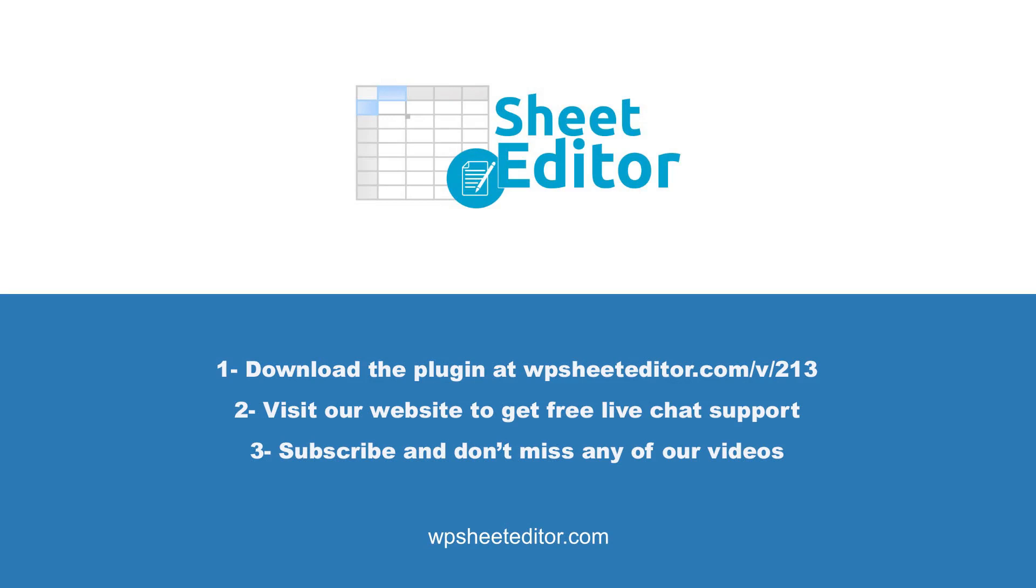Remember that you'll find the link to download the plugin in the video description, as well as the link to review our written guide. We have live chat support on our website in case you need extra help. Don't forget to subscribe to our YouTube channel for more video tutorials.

--

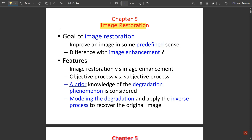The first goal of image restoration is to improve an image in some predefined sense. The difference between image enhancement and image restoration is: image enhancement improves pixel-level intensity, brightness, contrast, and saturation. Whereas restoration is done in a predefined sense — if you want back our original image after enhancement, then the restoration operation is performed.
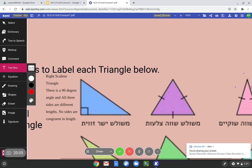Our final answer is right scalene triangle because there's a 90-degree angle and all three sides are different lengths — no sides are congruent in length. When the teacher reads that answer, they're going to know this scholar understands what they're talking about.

- Problem to solve
Would you transcribe the lines above exactly, going from the line bearing "The first goal" through the line bearing "Our final answer", and drop the pictures from the copy?

- Problem solution
The first goal of image restoration is to improve an image in some predefined sense. The difference between image enhancement and image restoration is: image enhancement improves pixel-level intensity, brightness, contrast, and saturation. Whereas restoration is done in a predefined sense — if you want back our original image after enhancement, then the restoration operation is performed.
Our final answer is right scalene triangle because there's a 90-degree angle and all three sides are different lengths — no sides are congruent in length. When the teacher reads that answer, they're going to know this scholar understands what they're talking about.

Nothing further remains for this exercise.